### WHAT THE TASK ASKS:
Please set down every entry again exactly as it stands, without the pictures.

[Web page caption snippets]

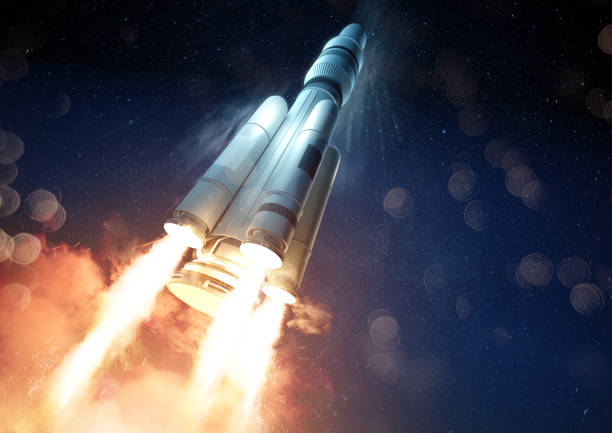 Explosive Rocket Launch An extreme angle of a rocket launching a probe into space. 3D illustration. taking off stock pictures, royalty-free photos & images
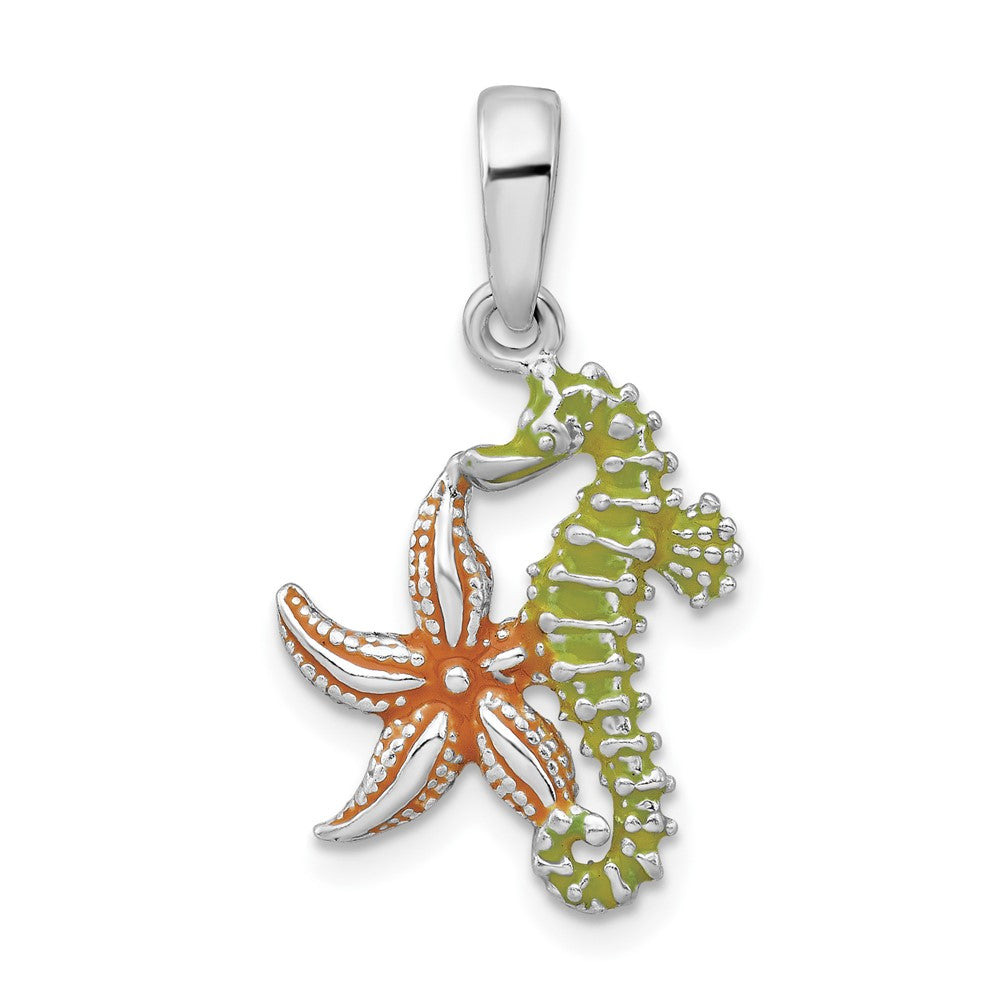 Sterling Silver Rhodium-plated Enameled Starfish/Seahorse Pendant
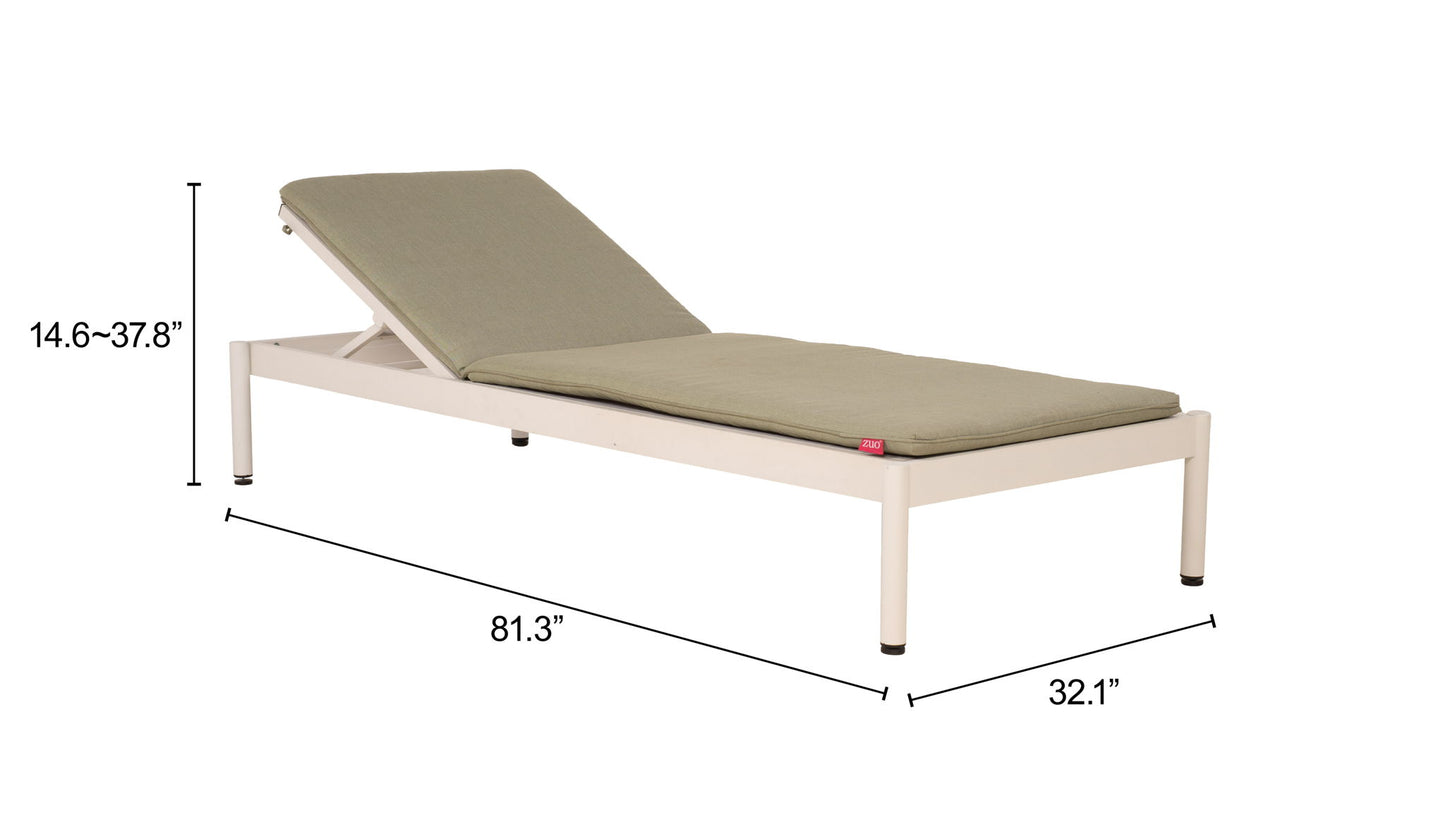 Lychee - Chaise Lounge - Green / White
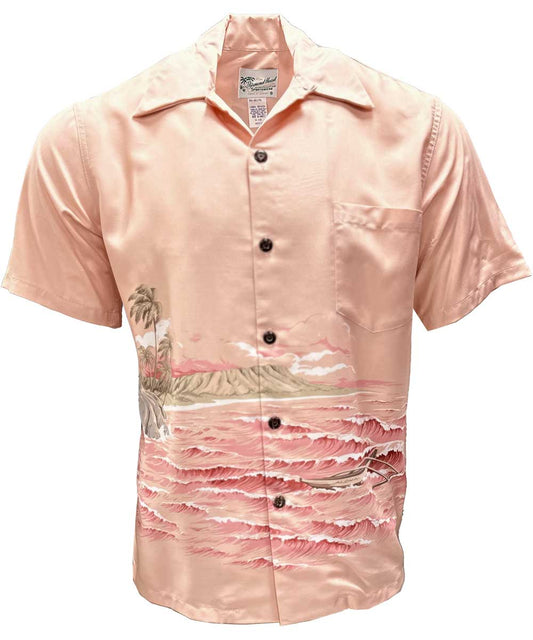 Uni Diamond Head Canoe Coral Aloha Shirt Short Sleeve Shirt Vacation Hawaiian Outdoor Vacation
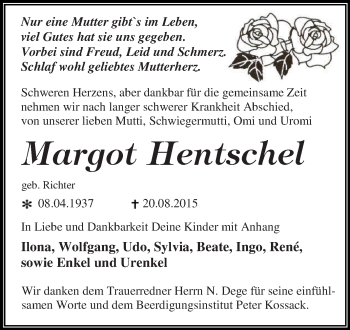 Traueranzeige von Margot Hentschel von WVG - Wochenspiegel Dessau / Köthen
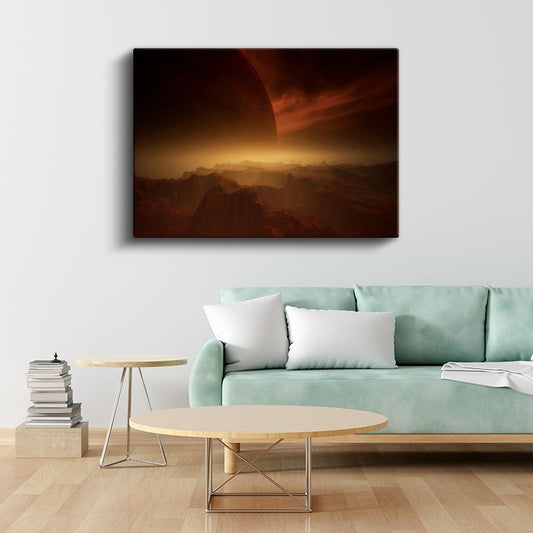 Kızıl Gezegen - Gizemli Dağ Silsilesi Üzerinde Doğan Işık Kanvas Tablo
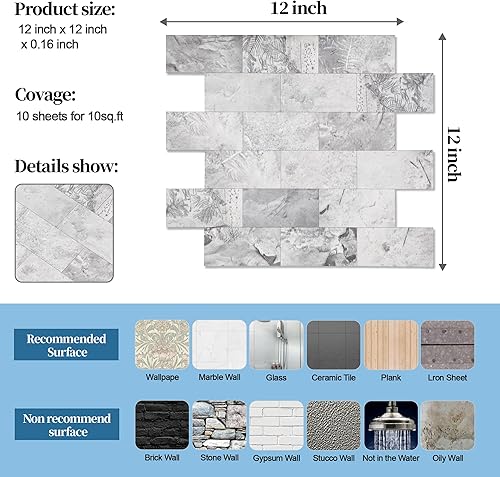 Vista 85 de Paquete de 1 lámina de revestimiento autoadhesivo de 12 x 12 pulgadas, baldosa de pared de PVC para cocina, baño, chimenea, mesa de lavandería o gris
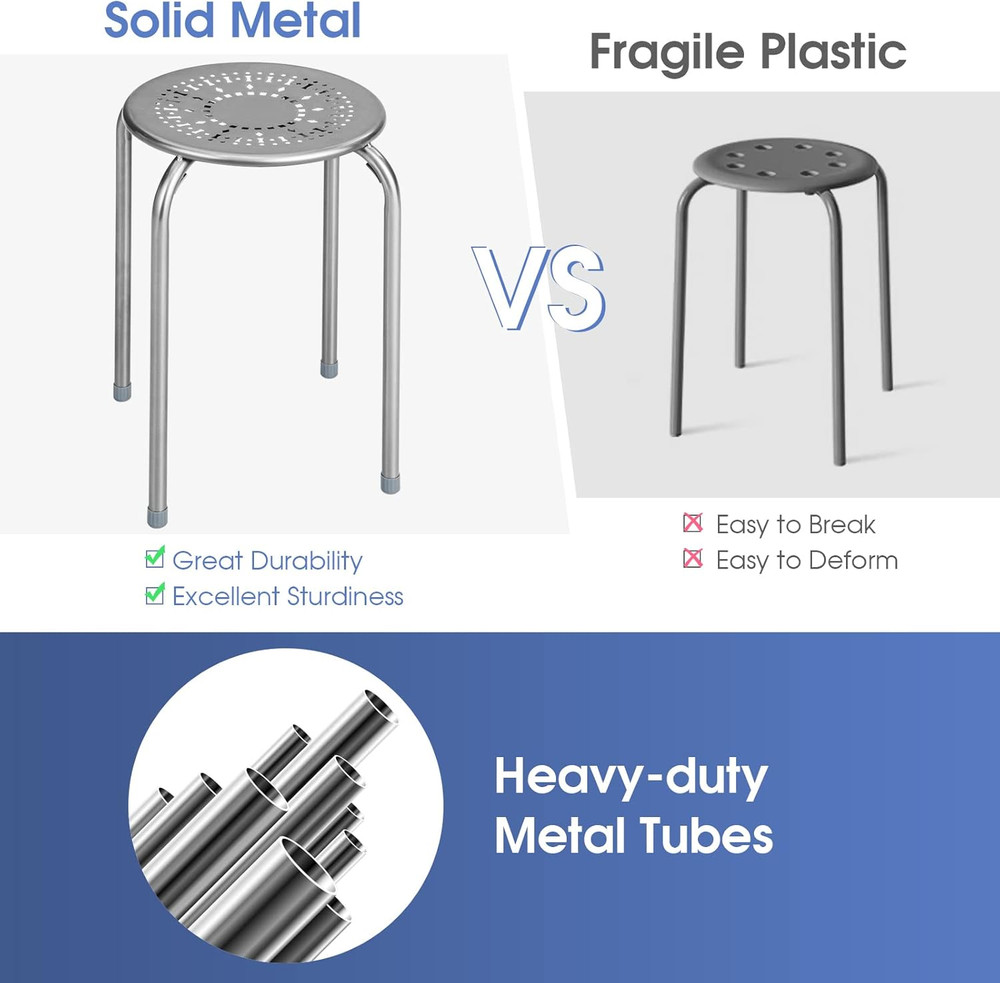 Multipurpose Stool Chairs, Small Stool Sets, Metal Stool with Dome, Stackable Ba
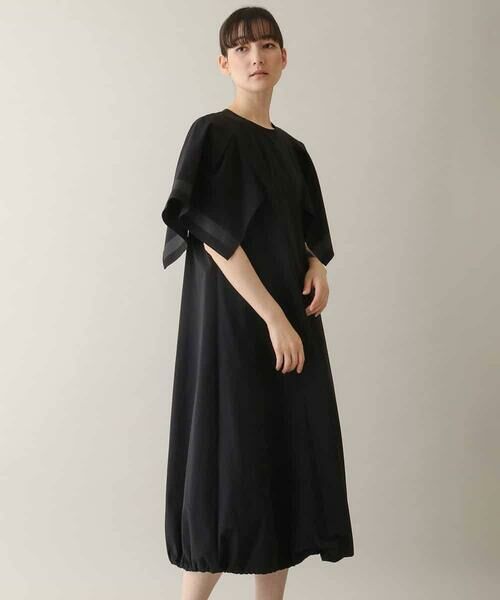 HIROKO KOSHINO/ヒロココシノ ラッフル袖タフタワンピース /洗える ブラック L HIROKO KOSHINO/ヒロココシノ ラッフル袖タフタワンピース /洗える ブラック L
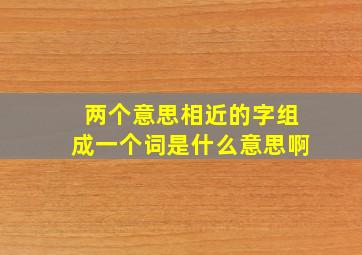 两个意思相近的字组成一个词是什么意思啊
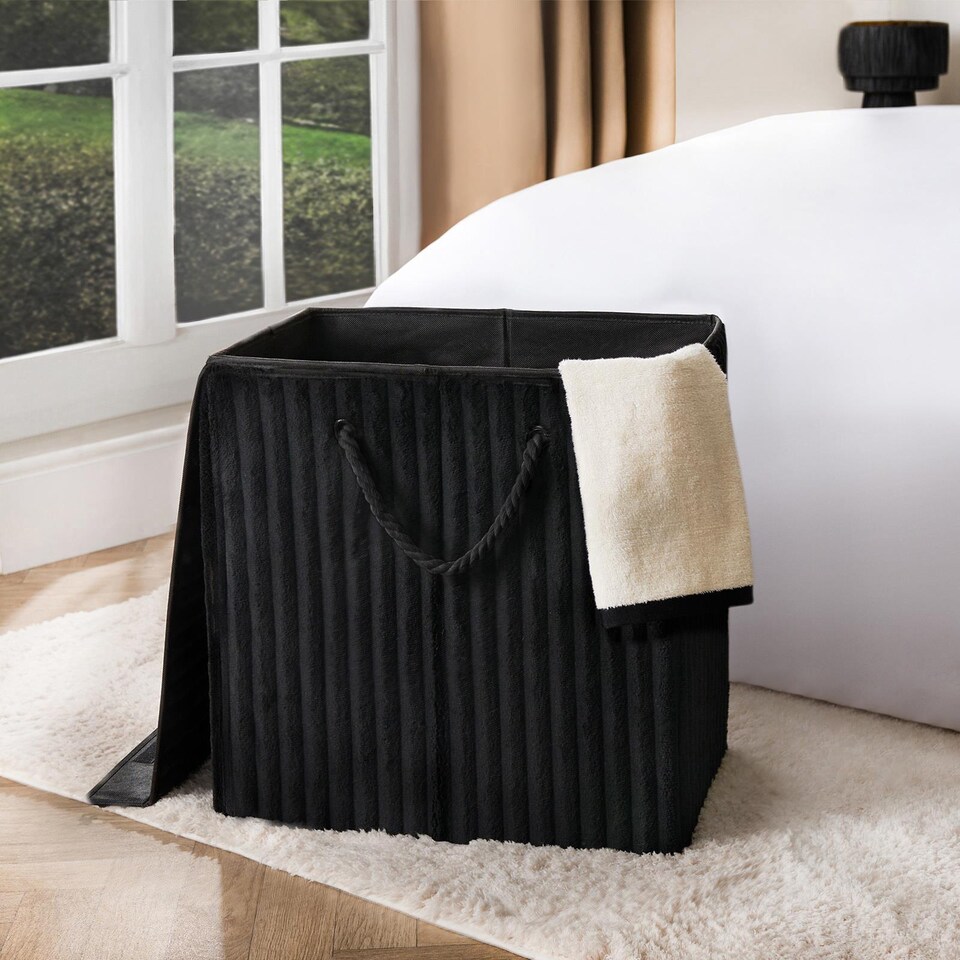 image 1 of OHS Ribbed Faux Fur Folding Laundry Basket Bag with Lid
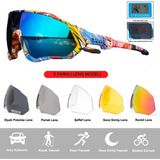 Kapvoe Değişebilir 5 Lens Mtb Polarize Bisiklet Spor Dağ Kayak Gözlüğü - Standart - Renkli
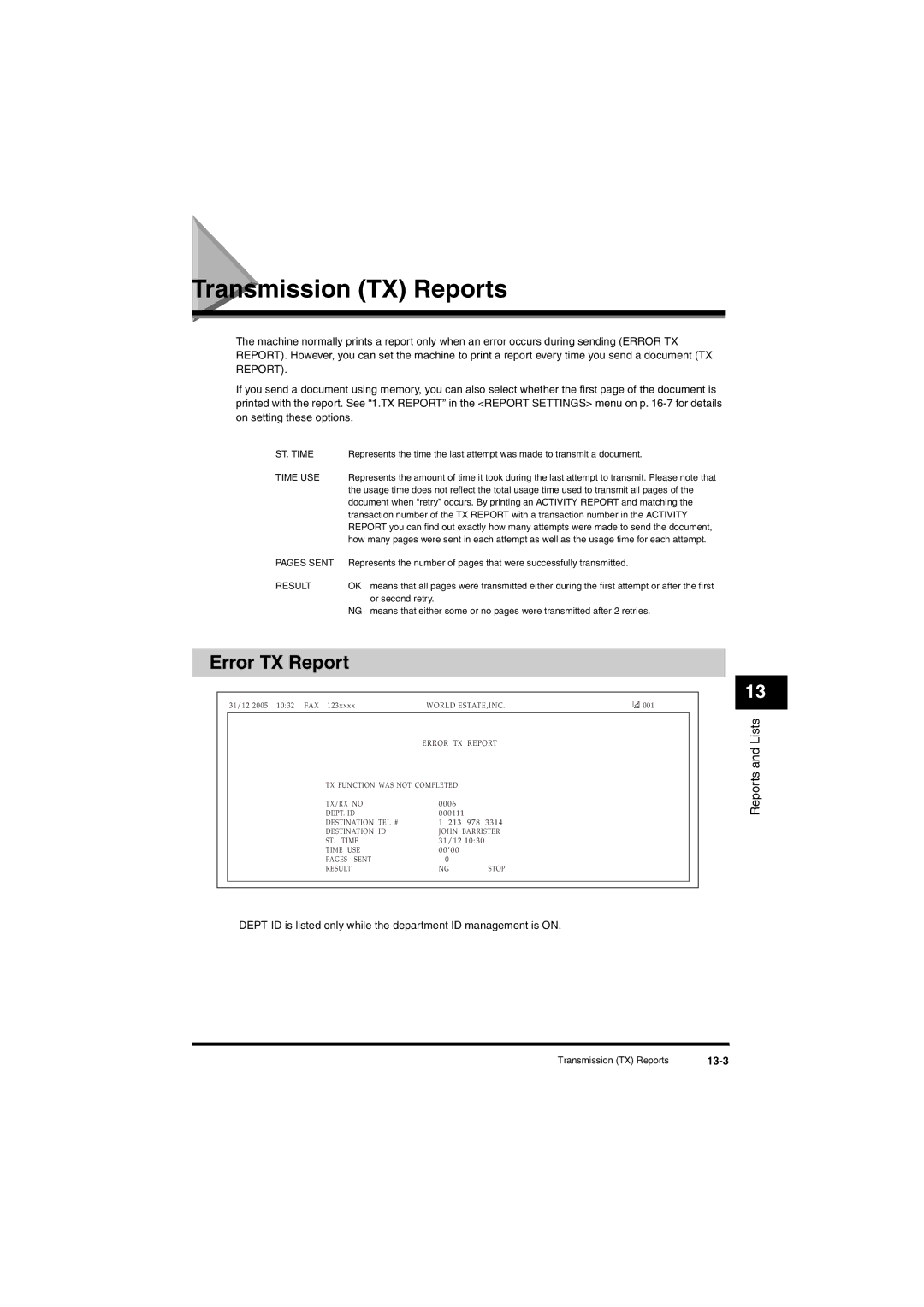 Canon L380S manual Transmission TX Reports, Error TX Report, 13-3 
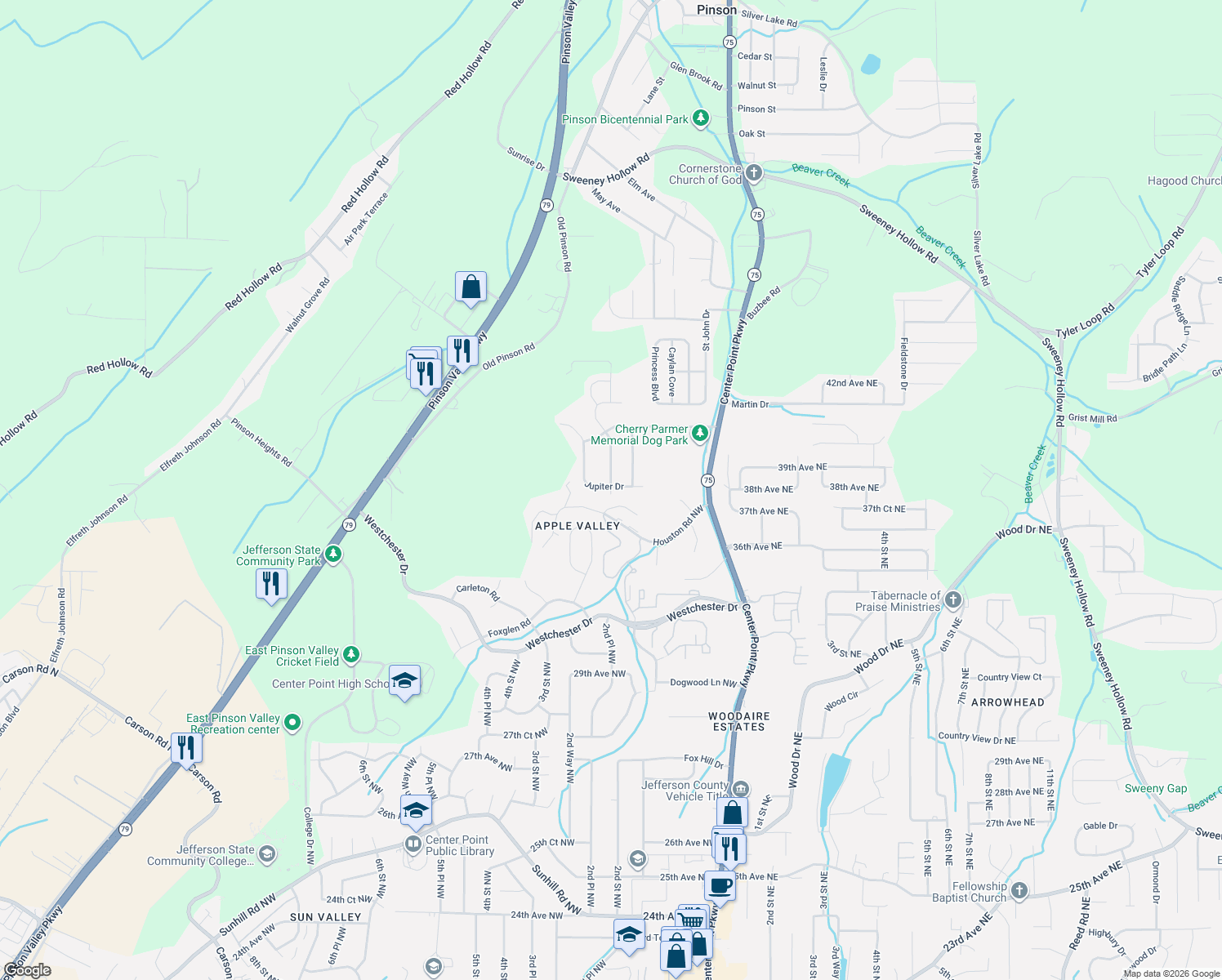 map of restaurants, bars, coffee shops, grocery stores, and more near 3814 Mars Avenue in Birmingham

### OUTPUT FOR THIS EXERCISE:
 Explosive Rocket Launch An extreme angle of a rocket launching a probe into space. 3D illustration. taking off stock pictures, royalty-free photos & images
 Sterling Silver Rhodium-plated Enameled Starfish/Seahorse Pendant
 Lychee - Chaise Lounge - Green / White
 Uni Diamond Head Canoe Coral Aloha Shirt Short Sleeve Shirt Vacation Hawaiian Outdoor Vacation
 Traueranzeige von Margot Hentschel von WVG - Wochenspiegel Dessau / Köthen
 Kızıl Gezegen - Gizemli Dağ Silsilesi Üzerinde Doğan Işık Kanvas Tablo
 Vista 85 de Paquete de 1 lámina de revestimiento autoadhesivo de 12 x 12 pulgadas, baldosa de pared de PVC para cocina, baño, chimenea, mesa de lavandería o gris
 Multipurpose Stool Chairs, Small Stool Sets, Metal Stool with Dome, Stackable Ba
 HIROKO KOSHINO/ヒロココシノ ラッフル袖タフタワンピース /洗える ブラック L HIROKO KOSHINO/ヒロココシノ ラッフル袖タフタワンピース /洗える ブラック L
 两个意思相近的字组成一个词是什么意思啊
 image 1 of OHS Ribbed Faux Fur Folding Laundry Basket Bag with Lid
 Kapvoe Değişebilir 5 Lens Mtb Polarize Bisiklet Spor Dağ Kayak Gözlüğü - Standart - Renkli
 Canon L380S manual Transmission TX Reports, Error TX Report, 13-3 
 map of restaurants, bars, coffee shops, grocery stores, and more near 3814 Mars Avenue in Birmingham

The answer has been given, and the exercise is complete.